12. Khamr / Arak. Bagi jumhur ulama ia adalah najis karena firman Allah: “Sesungguhnya arak, judi, berhala dan bertenung itu adalah najis, termasuk perkara setan.” (al-Maidah: 90)
Sebagian ulama berpendapat bahwa ia adalah suci, sedang kata-kata najis pada ayat tersebut mereka tafsirkan sebagai najis maknawi, karena kata “Najis” itu merupakan predikat dari arak serta segala yang dihubungkan dengannya, padahal semua itu sekali-sekali tak dapat dikatakan najis biasa.
Firman Allah: “Hendaknya kamu jauhi najis yang berupa berhala.”
Ternyata bahwa berhala itu najis maknawi yang bila disentuh tidak menyebabkan kita bernajis. Juga karena dalam ayat tersebut ada ditafsirkan bahwa ia merupakan pekerjaan setan yang menimbulkan permusuhan dan saling benci serta jadi penghalang terhadap mengingat Allah dan melakukan shalat.
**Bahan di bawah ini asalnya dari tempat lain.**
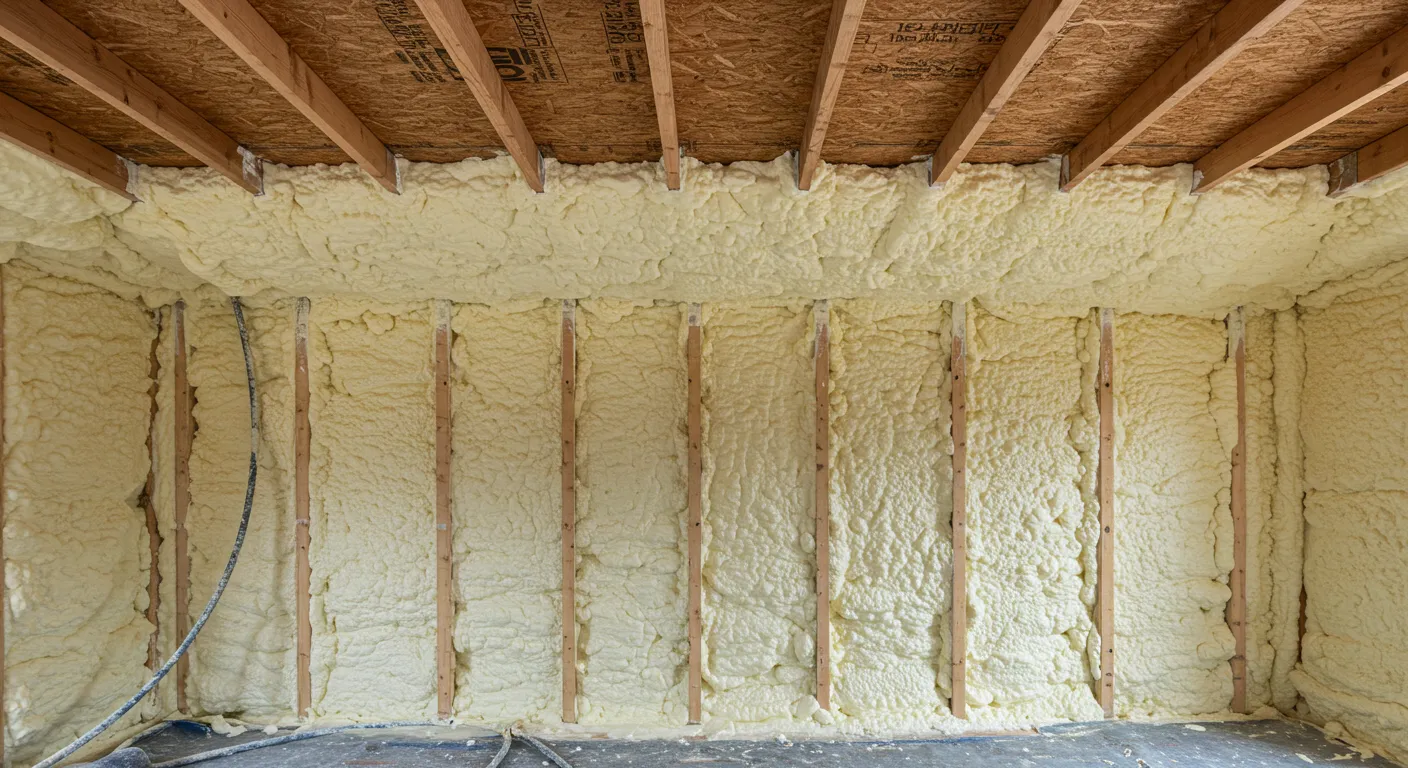 Best Spray Foam Insulation Best Spray Foam Insulation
Dan dalam buku Subulus Salam tertera sebagai berikut: “Yang benar bahwa asal pada semua benda yang tersebut itu adalah suci, dan bahwa diharamkannya, tidaklah berarti bahwa ia najis. Contohnya candu, ia adalah haram tetapi tetap suci. Adapun barang najis, maka selamanya haram. Jadi setiap najis adalah haram, tetapi tidak sebaliknya. Keterangannya ialah menetapkan sesuatu sebagai najis, berarti melarang menyentuhnya dengan cara apapun juga. Maka menetapkan sesuatu barang sebagai najis, berarti menetapkan haramnya.
Lain halnya dengan menetapkan haramnya, misalnya memakai sutera dari emas, padahal keduanya adalah suci berdasarkan syara’ dan ijma’. Nah bila ini dapat anda pahami, maka diharamkannya berbagai macam tuak berikut arak sebagaimana dimaksudkan oleh dalil-dalil keterangan, tidak berarti bahwa itu najis, untuk itu hendaklah ada dalil atau keterangan lain.
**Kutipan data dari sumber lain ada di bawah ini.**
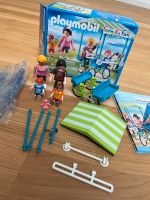 Playmobil 70093 Familien-Fahrrad Family Fun Nordrhein-Westfalen - Schermbeck Vorschau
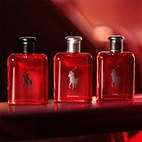 Ralph Lauren Polo Red EdP 125 ml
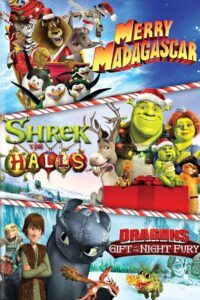Clásicos navideños de DreamWorks
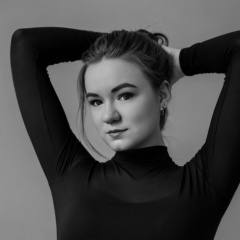 Оля Афанасьева, 05.04.1994, Алматы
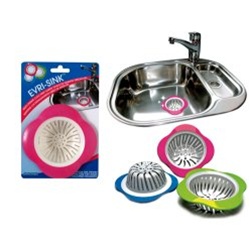 Evrisink Sink Strainer Rubber Evriholder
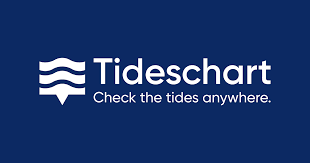 tide charts tide times for fishing and
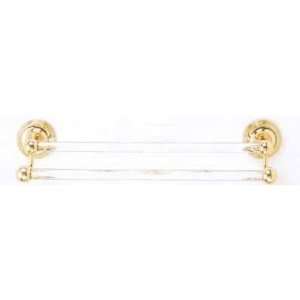  Allied Brass Accessories R 72 36 36 Double Towel Bar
Dan seandainya dalil itu tidak dijumpai, tetaplah ia berada dalam keadaan asal yang telah disepakati bersama yakni suci. Siapa-siapa yang menyangkal, berartilah ia menyangkal dalil itu sendiri.
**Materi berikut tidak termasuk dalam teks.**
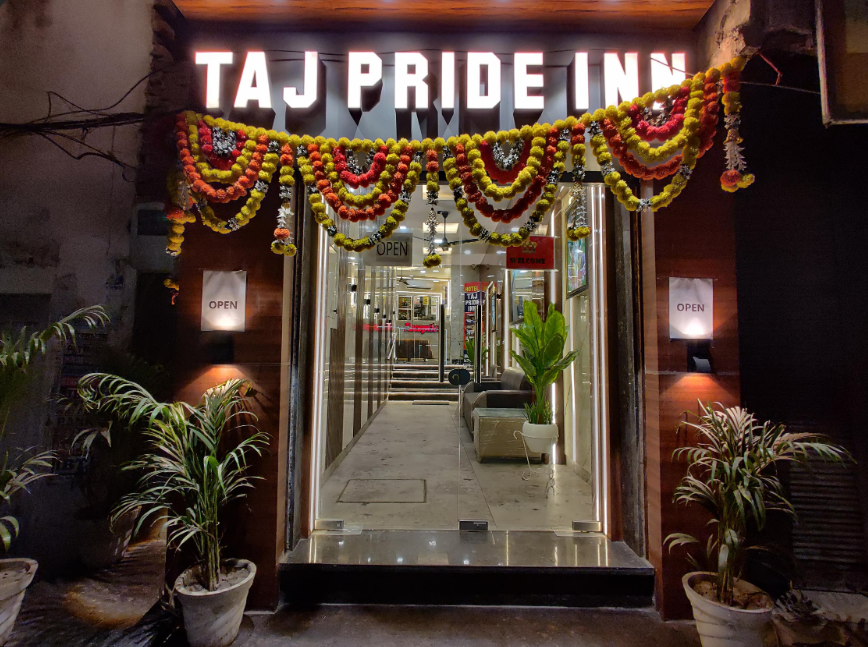 Taj Pride Inn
13. Anjing. Ia adalah najis dan wajib mencuci apa yang dijilatnya, sebanyak tujuh kali, mula-mula dengan tanah berdasarkan hadits Abu Hurairah ra. katanya: Telah bersabda Rasulullah saw.: “Menyucikan bejanamu yang dijilat anjing adalah dengan mencucinya sebanyak tujuh kali, mula-mulanya dengan tanah.” (HR Muslim, Ahmad, Abu Dawud dan Baihaqi)
Mencuci dengan tanah maksudnya ialah mencampurkannya ke dalam air hingga menjadi keruh.
Jika ia menjilat ke dalam bejana yang berisi makanan kering, hendaklah dibuang mana yang kena dan sekelilingnya, sedang sisanya tetap dipergunakan karena sucinya tadi.
Mengenai bulu anjing, maka yang terkuat adalah suci, dan tak ada alasan mengatakannya najis.